Everything You Know is Wrong -- PART XV


answers to those doggone thermal design questions
by tony kordyban


dear mr. know-it-all,


i think that i have the basic idea of a thermocouple. you make a circuit with wires of two different metals, heat one connection and cool the other, and you get a voltage. or you can run it backwards by pumping electricity through such a circuit, so one end gets cold and the other gets hot. but i have never been able to get a common sense, intuitive explanation of this effect from anybody. can you help me to get a better feel why heat and electricity are related in this way?


mark time from sector r


dear mark,


thermocouples sure do seem simple, don't they? twist together a couple of wires and you have an electronic temperature sensor. they are simple to make, and simple to use. but why they work is far from simple or intuitive.


i have taken thermocouples for granted for a long time, so i refreshed my memory about the physics behind them by re-reading manual on the use of thermocouples in temperature measurement (astm stp 470b). now i wish i hadn't. my intuition about them vanished in a cloud of integrals and greek letters.


first there is the seebeck effect. thomas seebeck quantified the voltage generated by a temperature difference in a circuit made of different metals.


then jean peltier figured out that if he imposed a current on such a circuit, he could induce a temperature difference. but these effects are not exactly two sides of the same coin.


william thomson (lord kelvin, the guy who invented absolute zero) deduced the relationship between the seebeck and peltier effects, but only if he neglected resistive heating in the wires.


it took the invention of the idea of entropy (and what concept is less intuitive than entropy?) before a complete physical explanation could be developed by lars onsager. he managed to tie together a bunch of complicated processes mathematically. look at what you've got in a thermocouple: two metals with different physical properties, a temperature gradient and a voltage gradient across them. you have the seebeck voltage, the peltier current, the kelvin temperature rise; plus there is heat conduction in the metals, and irreversible heat generation due to current passing through the resistance of the wire. that is too much stuff going on for me to keep straight in my head, much less get a good gut feeling about.


onsager did give me one intuitive idea though. he began his explanation of the thermocouple by saying something a little like this, "with electricity or heat, what we've got here is stuff flowing through a pipe. you have a driving force, and something flowing through a restricted path. for electricity voltage is the driving force, and current is the stuff moving down the wire. for heat transfer a temperature gradient is the driving force, and heat energy is the stuff flowing. it's only natural to think that when you have two flows trying to go down the same pipe, they are going to interfere with each other." perhaps i paraphrased a bit.
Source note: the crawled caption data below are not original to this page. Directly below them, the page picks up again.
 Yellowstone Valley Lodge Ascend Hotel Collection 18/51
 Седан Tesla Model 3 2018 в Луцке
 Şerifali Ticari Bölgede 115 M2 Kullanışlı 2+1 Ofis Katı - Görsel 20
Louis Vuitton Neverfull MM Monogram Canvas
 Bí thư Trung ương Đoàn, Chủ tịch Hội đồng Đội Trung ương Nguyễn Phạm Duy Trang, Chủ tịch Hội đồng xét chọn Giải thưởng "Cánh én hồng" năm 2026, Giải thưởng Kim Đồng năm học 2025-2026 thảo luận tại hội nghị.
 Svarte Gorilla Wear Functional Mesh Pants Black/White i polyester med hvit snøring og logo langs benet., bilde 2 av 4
if you have to think about thermocouples intuitively, imagine a racetrack running the kentucky derby and the indianapolis 500 simultaneously. neither race is likely to turn out the same way it would have alone.


dear mr. kordyban,


the instruction sheet that came with my handheld thermocouple meter gives some rules of thumb for temperature measurement. one says, "use proper gage wire and carefully route the wire away from the object to be measured to prevent the thermocouple wire from acting as a heat sink."


what the heck are they talking about? can a thermocouple be a heat sink? if so, why don't we just stick wires on our hot components instead of those clunky aluminum extrusions?


betty jo from the old sayme place


dear betty jo,


i don't know why engineers bother going to college for four or five years. i'll admit that most of what i use these days i got from sales tutorials and donut-baited short courses.so i'm not surprised that everything you know about thermocouples comes from a meter instruction sheet.


in this case your meter instructions are right, if not very detailed. a thermocouple wire can act as a heat sink, leading to measurement error. the detail they left out (probably to save room to repeat the content in spanish, french, german, japanese, and basque) was that the wire acts as a heat sink for the bead (i will use the term bead interchangeably with junction) of the thermocouple itself, and not necessarily for the object you are trying to measure.


what's the difference, you ask?


the thermocouple, at best, gives you the temperature of the junction. what you want to measure, in the example i'm going to talk about, is the surface temperature of some solid object, such as the plastic package of an electronic component. to say that the thermocouple is measuring the solid surface temperature, you have to make sure that the junction and the surface are at the same temperature, and also, that the surface is still at the same temperature it would if the thermocouple were not there.


i'll give you an example of the obviously wrong way to do it. you make a thermocouple from a pair of 16 gage wires, welding them together to make a bead about the size of a penny. this would be ok for measuring an engine block, but let's say you want to measure a sot-23 package (a tiny component much smaller than a penny.) you have now attached a large piece of metal to the top surface of a component, with most of its surface area sticking up into the cooling air stream. obviously, this wire, whose size is significant compared to the object being measured, changes the effective surface area of the component just as much as any ordinary heat sink would. the wire will cool the component. the wire might also interfere with the normal air flow pattern. the reading you get will not represent the sot-23 temperature when the thermocouple is not there.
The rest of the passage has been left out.